Revisitation of an old problem

Please start any new threads on our new site at https://forums.sqlteam.com. We've got lots of great SQL Server experts to answer whatever question you can come up with.

All Forums

SQL Server 2000 Forums

SQL Server Development (2000)

Revisitation of an old problem

Author

Topic

SamC
White Water Yakist

3467 Posts

Posted - 2005-01-31 : 20:02:31

I'm sure there's a generic "name" for this problem, but I can't put my finger on it.

Given a table

CREATE TABLE MyTable (
SomeSetOfKeys INT ,
KeyDate DATETIME )

I need to order the keys by KeyDate, and on each row, have access to KeyDate and KeyDate(+1) - the next Date.

My understanding of the least expensive way to do this is:

SELECT A.SomeSetOfKeys, A.KeyDate, MIN(B.KeyDate) As NextKeyDate
FROM MyTable A
INNER JOIN MyTable B ON B.SomeSetOfKeys = A.SomeSetOfKeys
AND B.KeyDate > A.KeyDate
GROUP BY SomeSetOfKeys, KeyDate

This can be an expensive way to get the job done, even with optimized clustered indexes, if the number of rows is large.

Any other tricks to improve performance???

eyechart
Master Smack Fu Yak Hacker

3575 Posts

Posted - 2005-01-31 : 20:49:02

yes, this code is like a correlated subquery. Does the optimizer force nested loops when this executes? That could be bad (as you point out) if your table is large.

seems like a fun puzzle.
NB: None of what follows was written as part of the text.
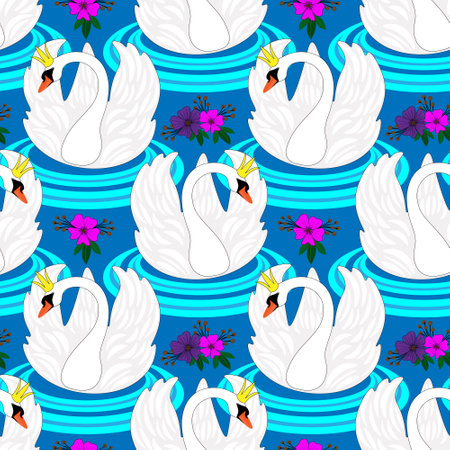 White swans and colorful flowers on blue background. Seamless pattern, vector.のイラスト素材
I'll have to grab a pint of guinness or two and ponder it.

-ec

spirit1
Cybernetic Yak Master

11752 Posts

Posted - 2005-01-31 : 20:51:19

maybe:
SELECT A.SomeSetOfKeys, A.KeyDate, (select top 1 KeyDate from MyTable where SomeSetOfKeys = A.SomeSetOfKeys
and KeyDate > A.KeyDate) As NextKeyDate
FROM MyTable A

but if this is faster i'd be very surprised...

Go with the flow & have fun! Else fight the flow

eyechart
Master Smack Fu Yak Hacker

3575 Posts

Posted - 2005-01-31 : 22:05:23

neither one of these solutions actually works as posted. I tweaked spirit's to make it work (eliminated a join)

here it is:

SELECT A.SomeSetOfKeys, A.KeyDate, (select top 1 KeyDate from test where KeyDate > A.KeyDate) As NextKeyDate
FROM test A

I tried a solution joining on a virtual rownum, but that was much slower than spirit's solution. I won't even bother posting it.
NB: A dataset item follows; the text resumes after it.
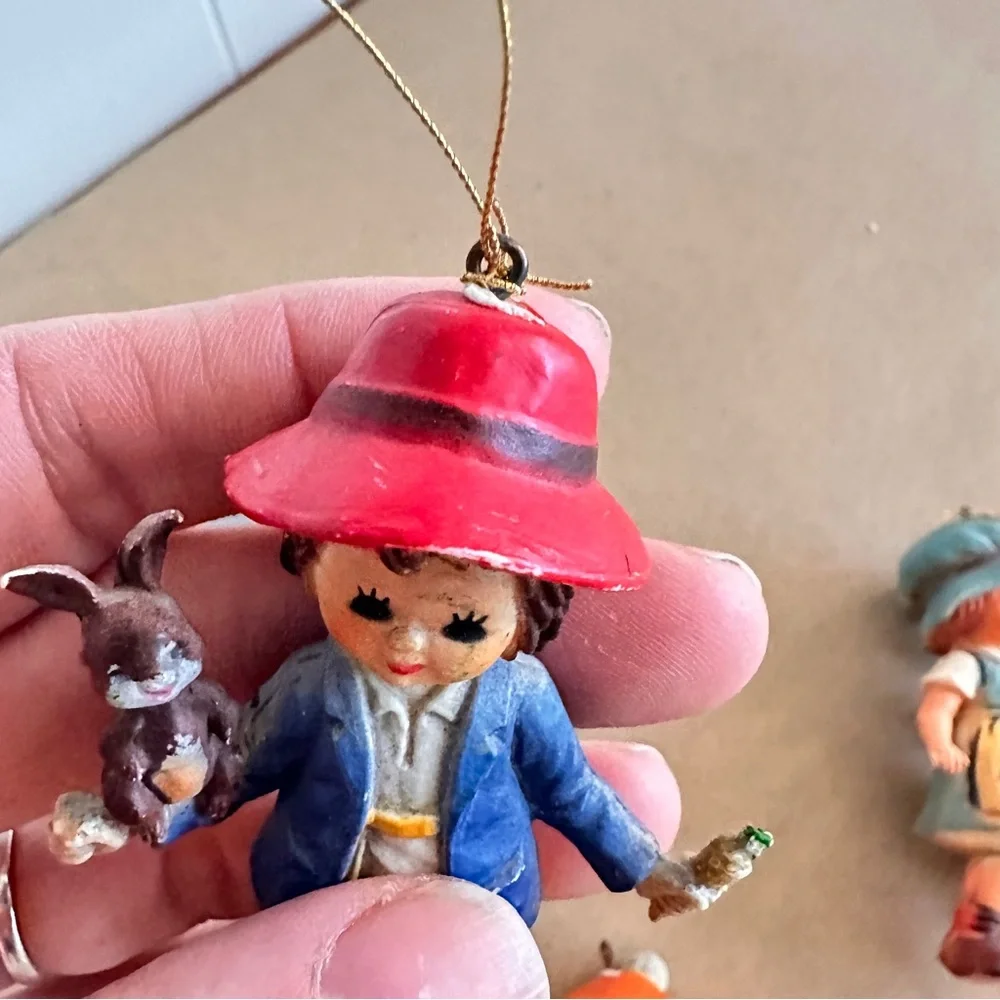 Vintage lot of 4 Bradford Christmas ornaments kids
My test case only had ~7000 rows too. I have no idea what would happen if you had millions of rows.

-ec

eyechart
Master Smack Fu Yak Hacker

3575 Posts

Posted - 2005-01-31 : 22:19:21

btw here is the little test case I created:


CREATE TABLE [dbo].[test] (
	[somesetofkeys] [int] IDENTITY (50, 5) NOT NULL ,
	[keydate] [datetime] NULL 
) ON [PRIMARY]
GO

ALTER TABLE [dbo].[test] WITH NOCHECK ADD 
	CONSTRAINT [PK_test] PRIMARY KEY  CLUSTERED 
	(
		[somesetofkeys]
	)  ON [PRIMARY] 
GO

ALTER TABLE [dbo].[test] ADD 
	CONSTRAINT [DF_test_keydate] DEFAULT (getdate()) FOR [keydate]
GO

 CREATE  INDEX [test2] ON [dbo].[test]([keydate], [somesetofkeys]) ON [PRIMARY]
GO

I inserted into this table some test data in a loop (I put a waitfor delay in the loop in order to get different getdate() values).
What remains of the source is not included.